Whatever lies between the line that holds "In this tutorial, we're" and the final line of the records below, both included, should be repeated exactly; leave out the pictures and add nothing.
=== Exercise materials ===
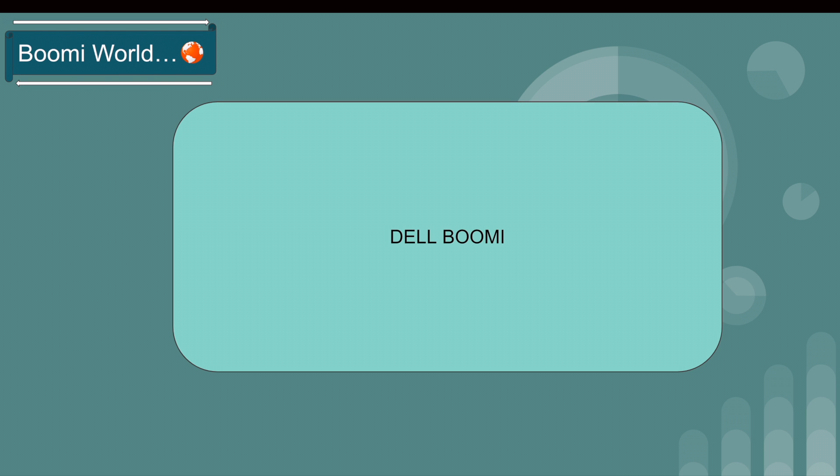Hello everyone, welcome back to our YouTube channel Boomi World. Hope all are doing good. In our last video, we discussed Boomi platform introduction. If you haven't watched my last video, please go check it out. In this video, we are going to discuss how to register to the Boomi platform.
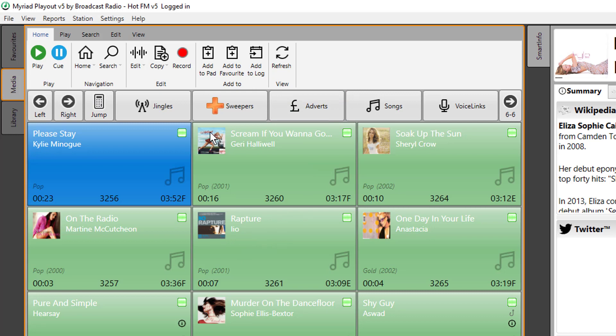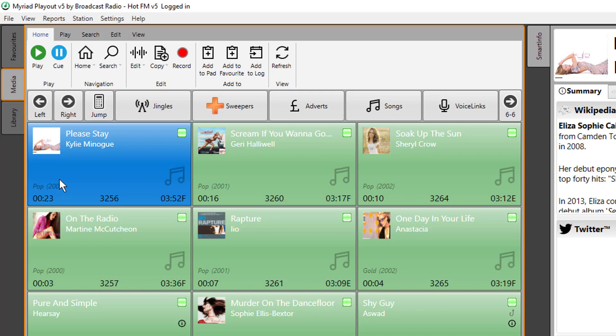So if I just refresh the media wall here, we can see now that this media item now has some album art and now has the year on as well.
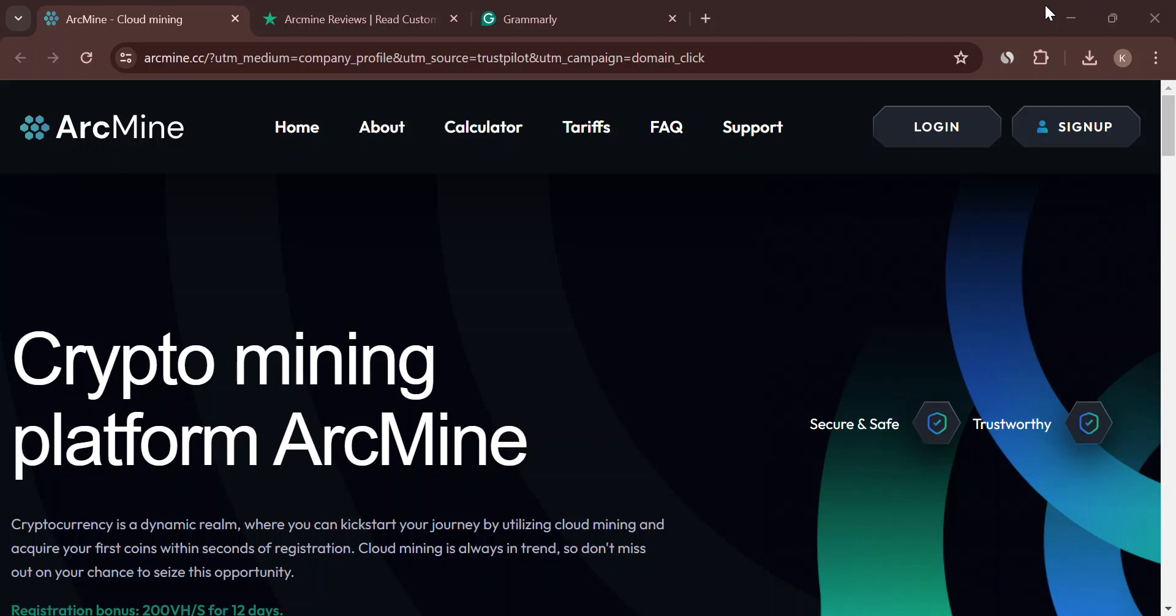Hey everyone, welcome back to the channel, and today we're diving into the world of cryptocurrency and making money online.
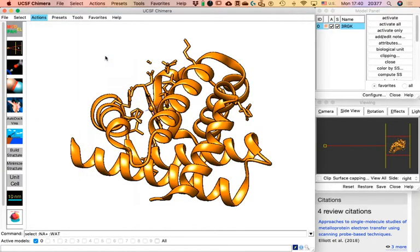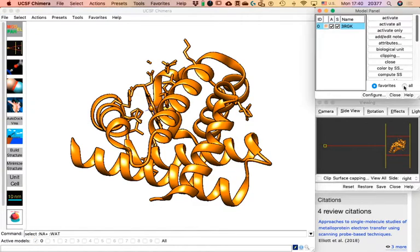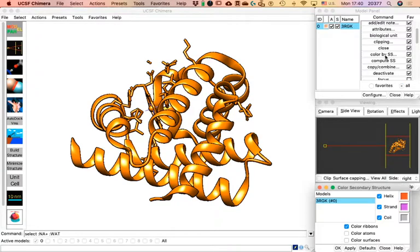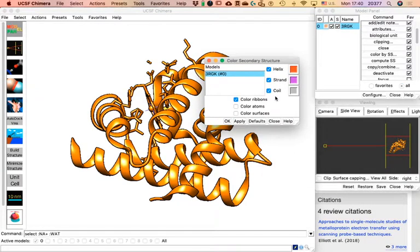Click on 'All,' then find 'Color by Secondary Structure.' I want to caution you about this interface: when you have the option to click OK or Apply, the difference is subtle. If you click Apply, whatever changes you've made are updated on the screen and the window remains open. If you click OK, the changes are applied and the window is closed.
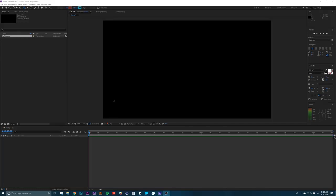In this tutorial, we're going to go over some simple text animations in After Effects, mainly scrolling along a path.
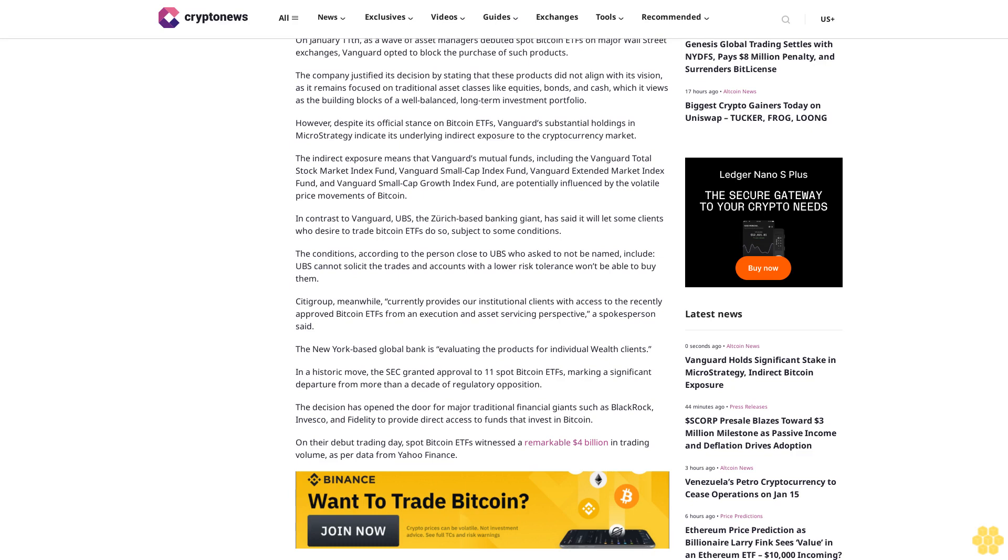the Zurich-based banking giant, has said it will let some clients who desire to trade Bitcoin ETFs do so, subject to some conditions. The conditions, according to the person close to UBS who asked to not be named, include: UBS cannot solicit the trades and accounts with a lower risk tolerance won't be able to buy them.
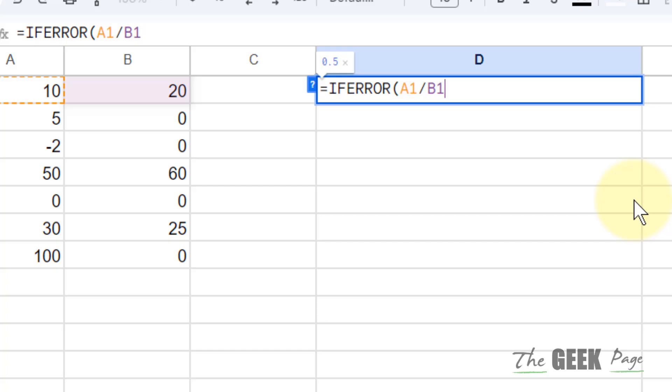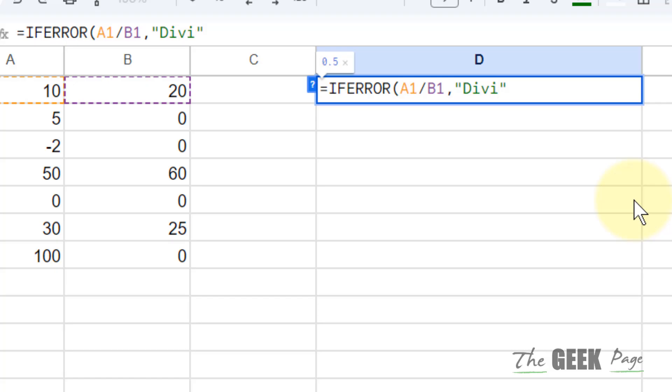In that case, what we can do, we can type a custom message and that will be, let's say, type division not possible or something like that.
===
Reply to the task
In this tutorial, we're going to go over some simple text animations in After Effects, mainly scrolling along a path.
the Zurich-based banking giant, has said it will let some clients who desire to trade Bitcoin ETFs do so, subject to some conditions. The conditions, according to the person close to UBS who asked to not be named, include: UBS cannot solicit the trades and accounts with a lower risk tolerance won't be able to buy them.
In that case, what we can do, we can type a custom message and that will be, let's say, type division not possible or something like that.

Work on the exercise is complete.